Task directions
For the word "Toyota", state how many lines of the data include it. Respond with the number only.

Dataset entries

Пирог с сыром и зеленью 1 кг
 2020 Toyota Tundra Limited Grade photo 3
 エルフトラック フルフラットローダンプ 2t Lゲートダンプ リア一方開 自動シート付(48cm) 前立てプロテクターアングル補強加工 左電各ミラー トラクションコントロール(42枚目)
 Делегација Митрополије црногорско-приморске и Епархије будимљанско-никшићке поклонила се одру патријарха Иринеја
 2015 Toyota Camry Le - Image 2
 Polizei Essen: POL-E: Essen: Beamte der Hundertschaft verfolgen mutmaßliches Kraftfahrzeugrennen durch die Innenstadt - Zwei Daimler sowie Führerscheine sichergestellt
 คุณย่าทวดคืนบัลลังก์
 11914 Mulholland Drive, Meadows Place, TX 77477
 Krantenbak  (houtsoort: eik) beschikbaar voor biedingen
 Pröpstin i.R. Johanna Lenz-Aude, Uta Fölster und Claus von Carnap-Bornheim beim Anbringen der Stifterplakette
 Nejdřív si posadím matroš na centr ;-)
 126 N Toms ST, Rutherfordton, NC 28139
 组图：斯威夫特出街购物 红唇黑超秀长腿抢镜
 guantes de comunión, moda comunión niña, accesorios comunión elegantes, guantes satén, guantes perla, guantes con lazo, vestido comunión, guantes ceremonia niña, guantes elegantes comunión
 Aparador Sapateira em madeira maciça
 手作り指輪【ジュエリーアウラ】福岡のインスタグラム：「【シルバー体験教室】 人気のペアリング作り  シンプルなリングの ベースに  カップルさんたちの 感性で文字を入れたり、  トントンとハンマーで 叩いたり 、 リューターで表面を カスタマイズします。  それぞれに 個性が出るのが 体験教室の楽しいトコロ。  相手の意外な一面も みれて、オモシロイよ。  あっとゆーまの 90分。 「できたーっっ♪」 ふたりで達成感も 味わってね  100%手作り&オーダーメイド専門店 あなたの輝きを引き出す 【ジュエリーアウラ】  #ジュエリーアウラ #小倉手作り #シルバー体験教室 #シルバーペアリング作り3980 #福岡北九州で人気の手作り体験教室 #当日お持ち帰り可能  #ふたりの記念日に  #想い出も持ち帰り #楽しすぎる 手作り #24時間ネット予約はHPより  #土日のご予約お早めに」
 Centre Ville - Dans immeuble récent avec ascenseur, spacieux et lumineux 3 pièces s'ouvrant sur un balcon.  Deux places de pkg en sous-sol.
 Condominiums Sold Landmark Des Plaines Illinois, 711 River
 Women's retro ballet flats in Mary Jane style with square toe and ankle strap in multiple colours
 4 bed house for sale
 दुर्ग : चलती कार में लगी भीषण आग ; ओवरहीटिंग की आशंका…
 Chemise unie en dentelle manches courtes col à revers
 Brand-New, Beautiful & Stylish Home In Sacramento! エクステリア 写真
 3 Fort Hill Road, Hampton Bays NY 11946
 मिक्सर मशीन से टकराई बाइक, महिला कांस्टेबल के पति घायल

Response to the exercise
2